Em um estudo inovador publicado recentemente em A revista The Lancet RheumatologyPesquisadores do Dana-Farber Cancer Institute avaliaram a segurança e a eficácia da terapia com células CAR-T em pacientes com câncer com histórico de doenças autoimunes ou inflamatórias. O estudo, que analisou dados de 2017 a 2023, incluiu 604 pacientes com linfoma e Mieloma múltiplo, dos quais 53 apresentavam doenças autoimunes ou inflamatórias subjacentes. Essas doenças incluíam doenças reumáticas, sendo a psoríase a mais comum.

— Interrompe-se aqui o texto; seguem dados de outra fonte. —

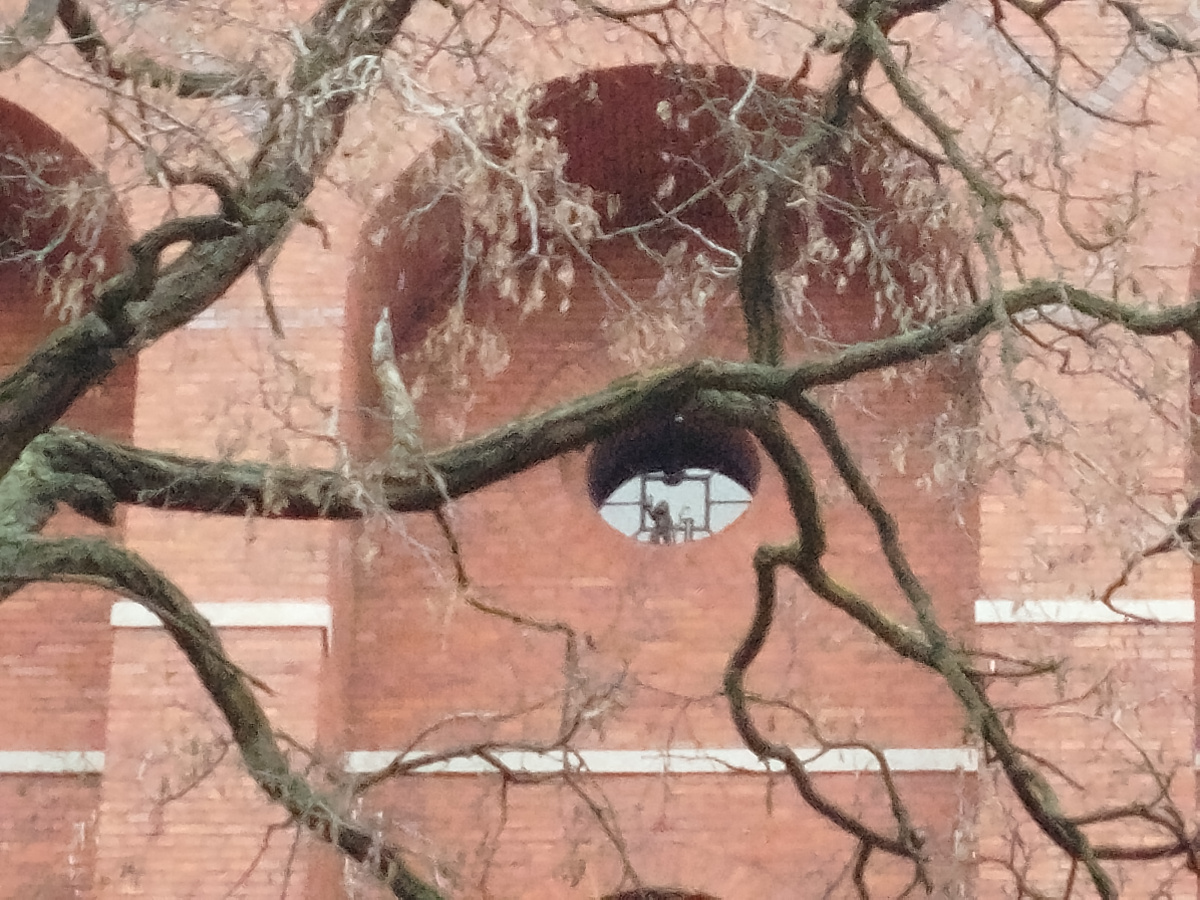 Foto zwerg Pompeusz in Nahaufnahme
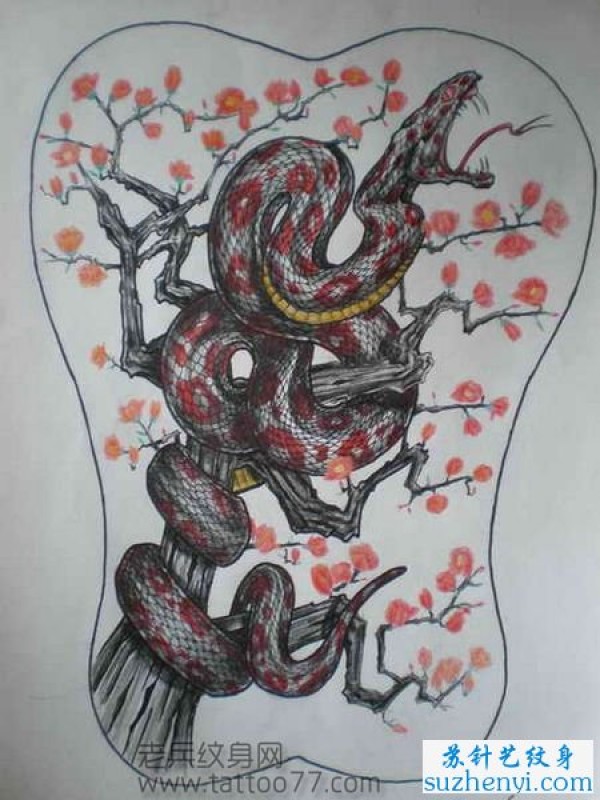 满背蛇梅花纹身手稿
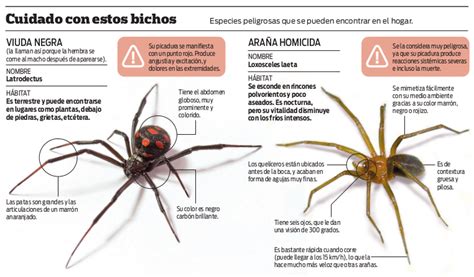 Viuda Negra Latrodectus Mactans Araña Capulina Compilacion By Dr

A terapia com células CAR-T, direcionada especificamente ao CD19 e ao BCMA, tem demonstrado notável sucesso no tratamento de casos recidivantes e refratários. Linfoma de células B, leucemia e mieloma múltiplo. No entanto, surgiram preocupações quanto à sua segurança e eficácia em pacientes com doenças autoimunes ou inflamatórias preexistentes, uma vez que esses pacientes apresentam maior risco de reações graves, como a síndrome de liberação de citocinas (SLC) e a síndrome de neurotoxicidade associada a células efetoras imunes (ICANS).
O estudo constatou que a incidência de CRS e ICANS em pacientes com doenças autoimunes ou inflamatórias foi semelhante à de pacientes sem essas condições. Especificamente, as taxas de CRS grave foram mínimas, sem diferença significativa entre os dois grupos. A ocorrência de ICANS também foi comparável, sugerindo que a terapia com células CAR-T é segura para esses pacientes.
Em termos de eficácia, não houve diferença significativa na sobrevida livre de progressão (SLP) e na sobrevida global (SG) entre os dois grupos, confirmando ainda mais que a presença de doenças autoimunes ou inflamatórias não afeta negativamente o resultado do tratamento. Tratamento do câncer Curiosamente, o estudo também observou melhorias na atividade da doença autoimune após o tratamento. Houve uma redução significativa na necessidade de imunossupressores e as crises da doença foram menos frequentes no grupo tratado.
Este estudo fornece evidências robustas que apoiam o uso da terapia CAR-T em pacientes com doenças autoimunes ou inflamatórias concomitantes, indicando que ela representa uma opção viável para uma gama mais ampla de pacientes com câncer. Os resultados incentivam a realização de mais estudos prospectivos para explorar os potenciais benefícios da terapia CAR-T nessa população específica de pacientes.
À medida que as terapias CAR-T continuam a evoluir, esses resultados oferecem esperança para melhorar as opções de tratamento e os resultados para pacientes com históricos médicos complexos.